A History of the Barrow Cadbury Trust: Constancy and Change in Quaker Philanthropy (2013)

Book
By: 
Merlin Waterson and Samantha Wyndham with a foreword by Professor Sir David Cannadine
Publisher: 
Barrow Cadbury Trust
Publishing information: 
RRP £20
March 2013

A lively history that traces the story of the Barrow Cadbury Trust. Since its foundation in 1920 the Barrow Cadbury Trust has been in the vanguard of social change.
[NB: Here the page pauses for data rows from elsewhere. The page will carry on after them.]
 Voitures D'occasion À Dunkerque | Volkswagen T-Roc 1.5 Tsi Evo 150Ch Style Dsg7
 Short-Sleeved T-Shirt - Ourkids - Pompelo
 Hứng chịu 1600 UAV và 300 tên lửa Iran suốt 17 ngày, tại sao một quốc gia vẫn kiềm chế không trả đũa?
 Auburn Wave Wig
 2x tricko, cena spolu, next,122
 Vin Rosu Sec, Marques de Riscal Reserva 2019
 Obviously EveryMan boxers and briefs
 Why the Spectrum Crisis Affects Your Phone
Inspired by Quaker beliefs and a vision for a more just society, the trust’s founders Barrow and Geraldine Cadbury used their increasing wealth, drawn from the famous chocolate company, to tackle profound social ills, including juvenile crime and urban poverty.
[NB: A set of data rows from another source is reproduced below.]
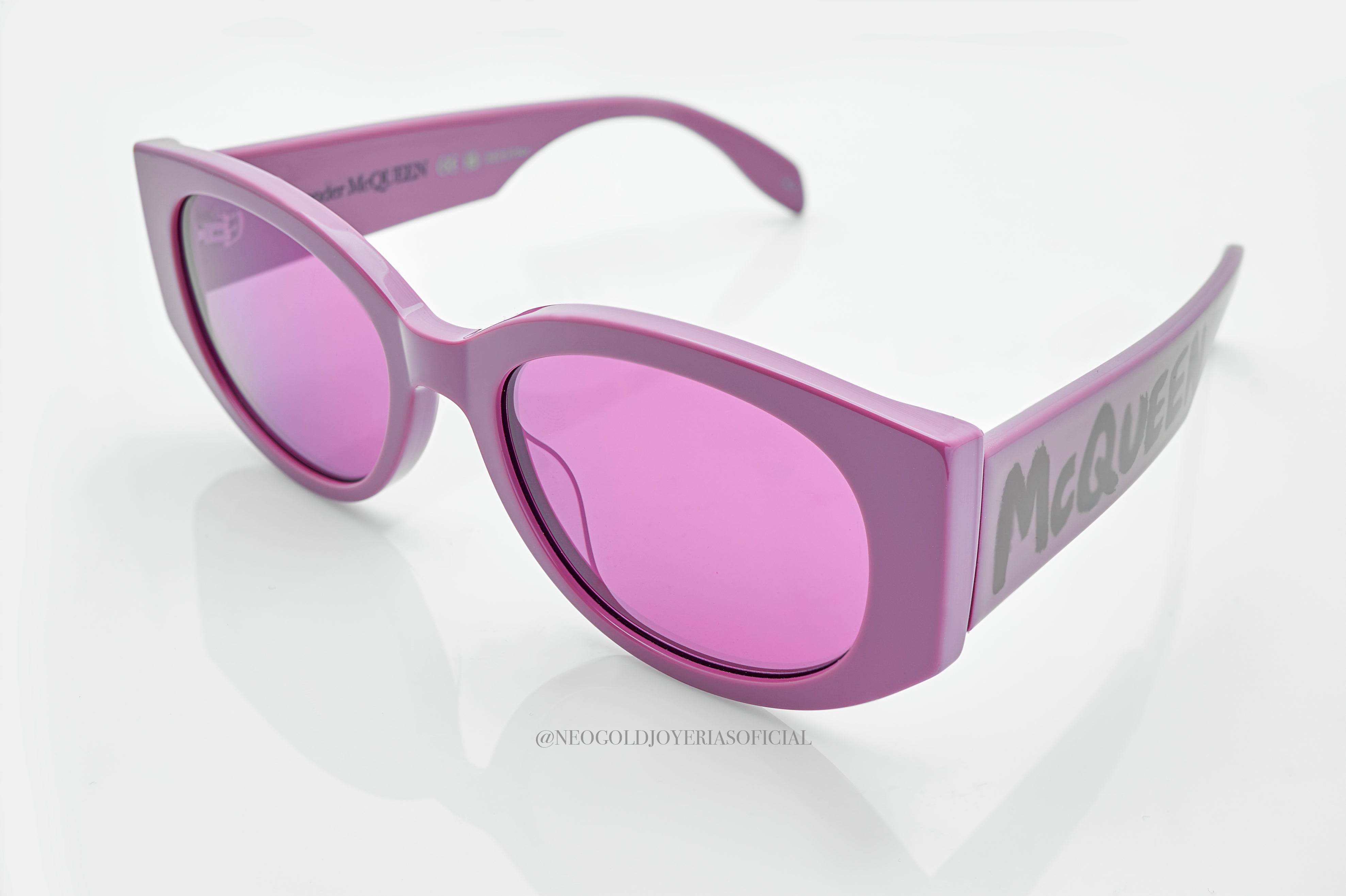 GAFAS DE SOL ALEXANDER MCQUEEN REF 013555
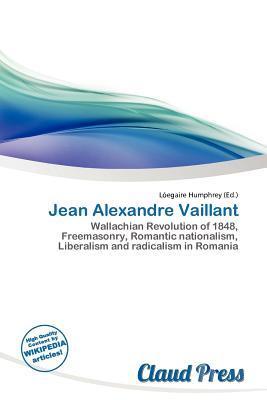 Jean Alexandre Vaillant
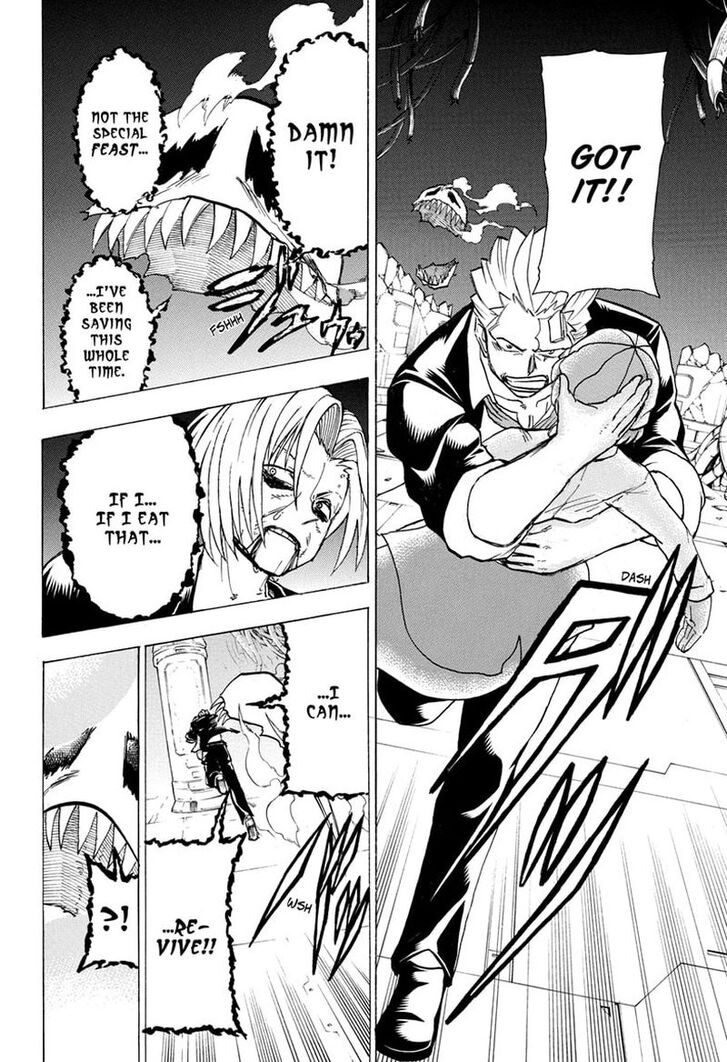 Read Undead Unluck Manga Online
Standing apart from other philanthropists, even rejecting the term itself and the patronage it implied, Barrow and Geraldine were influential social reformers who worked ceaselessly to improve the communities around them.
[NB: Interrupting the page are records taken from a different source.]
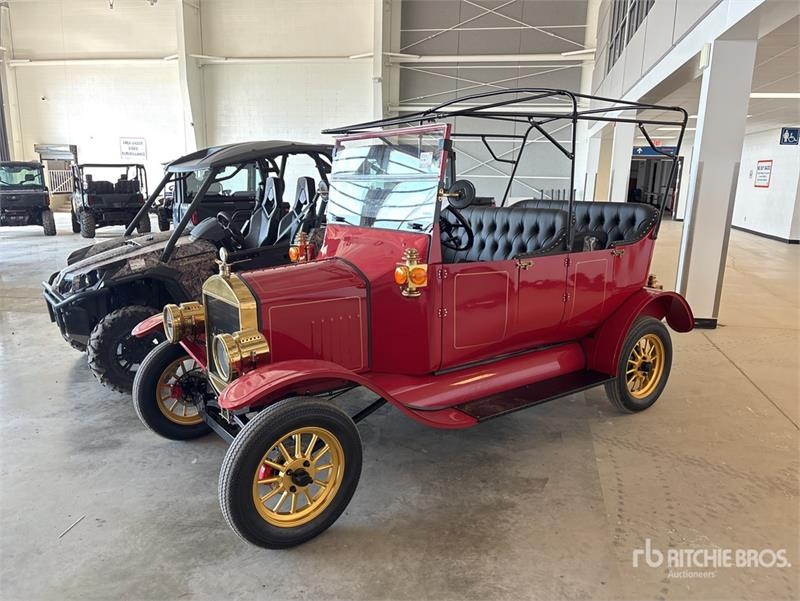 Voiture Aurora LY05N — occasion 2026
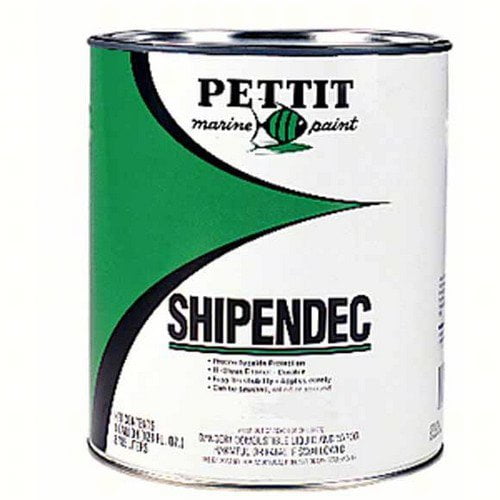 Pettit Paint  3333Q; Shipendec Newport Green-Quart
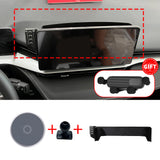 Stable Clip-On Magnetic Phone Holder for Toyota Tundra 2022–2024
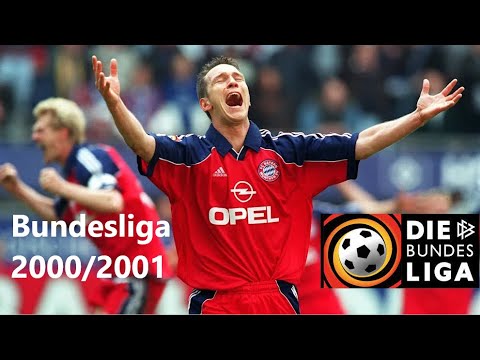 HSV v. FC Bayern Munich (1:1) - Bundesliga 2000/2001 - The dramatic championship finale
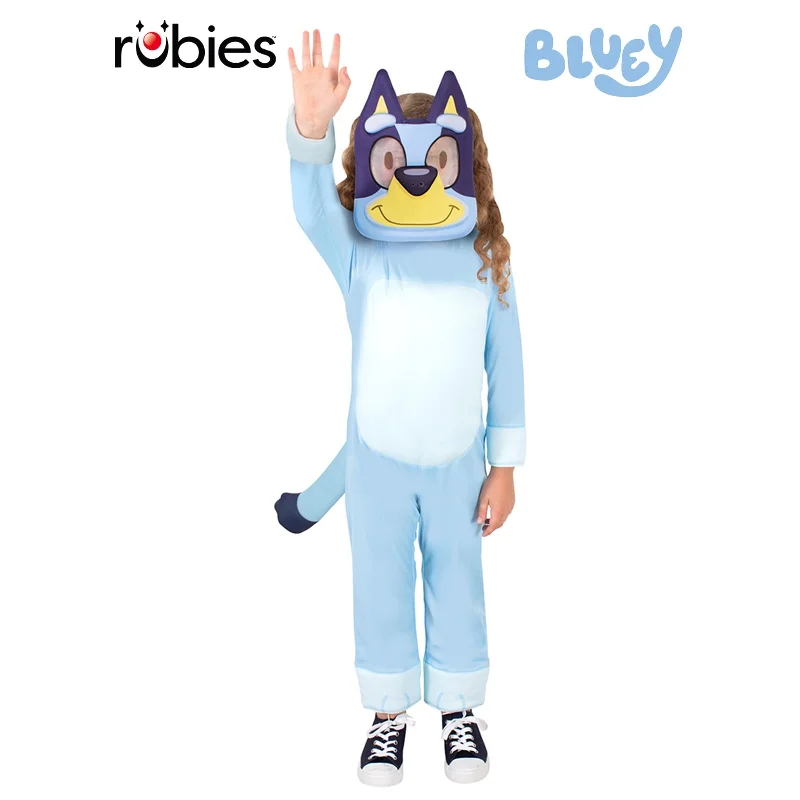 Bluey Deluxe Costume, Child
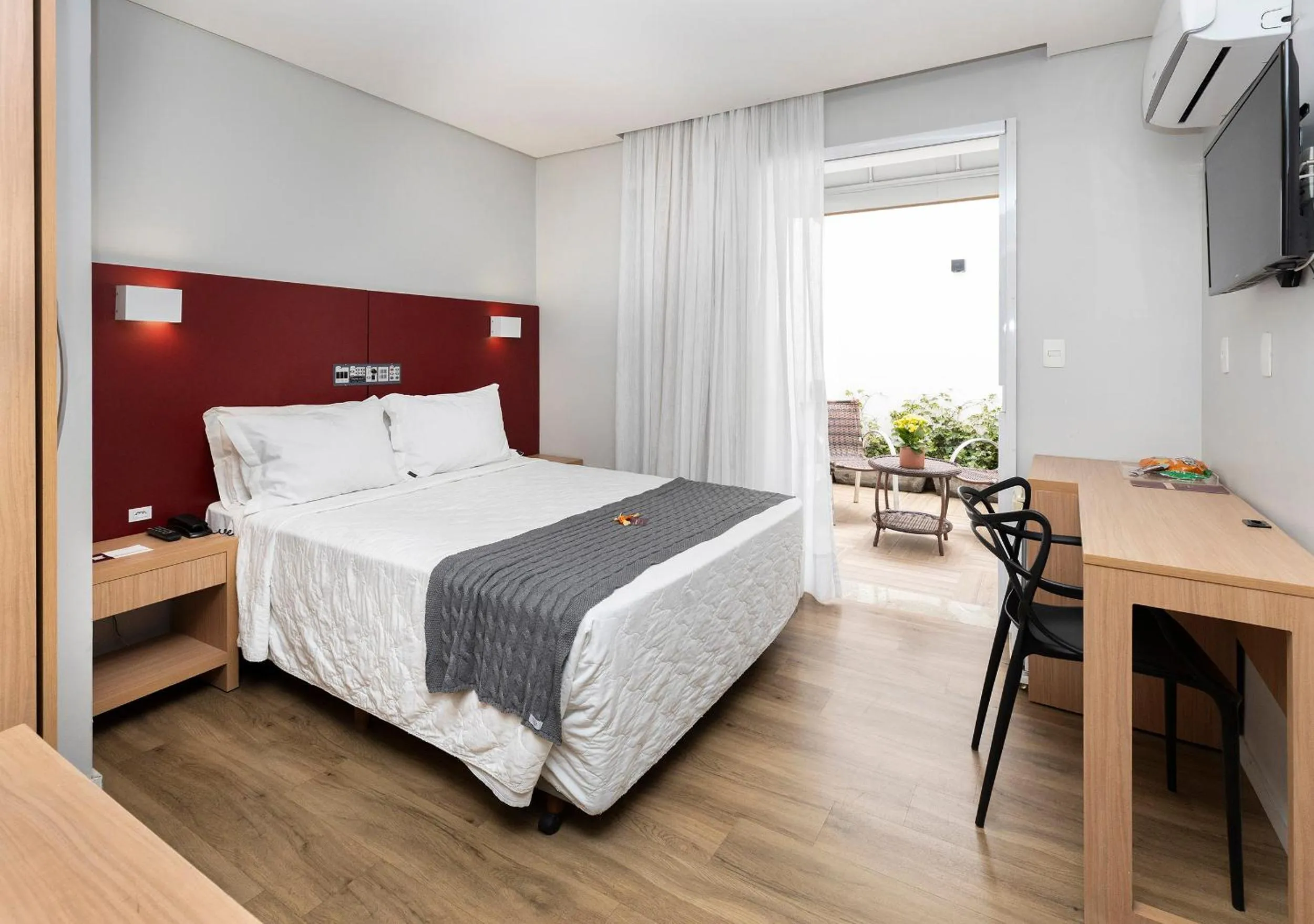 Bedroom, Bed in Tropikalya Gold Hotel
A History of the Barrow Cadbury Trust: Constancy and Change in Quaker Philanthropy, by Merlin Waterson and Samantha Wyndham, tells the story of their groundbreaking work, first in Birmingham and the West Midlands and later elsewhere in the United Kingdom and overseas. The book also describes how subsequent generations of the Cadbury family have ensured that the work of the trust has continued to evolve with the changing social context, straddling the creation of the welfare state for which they had long argued.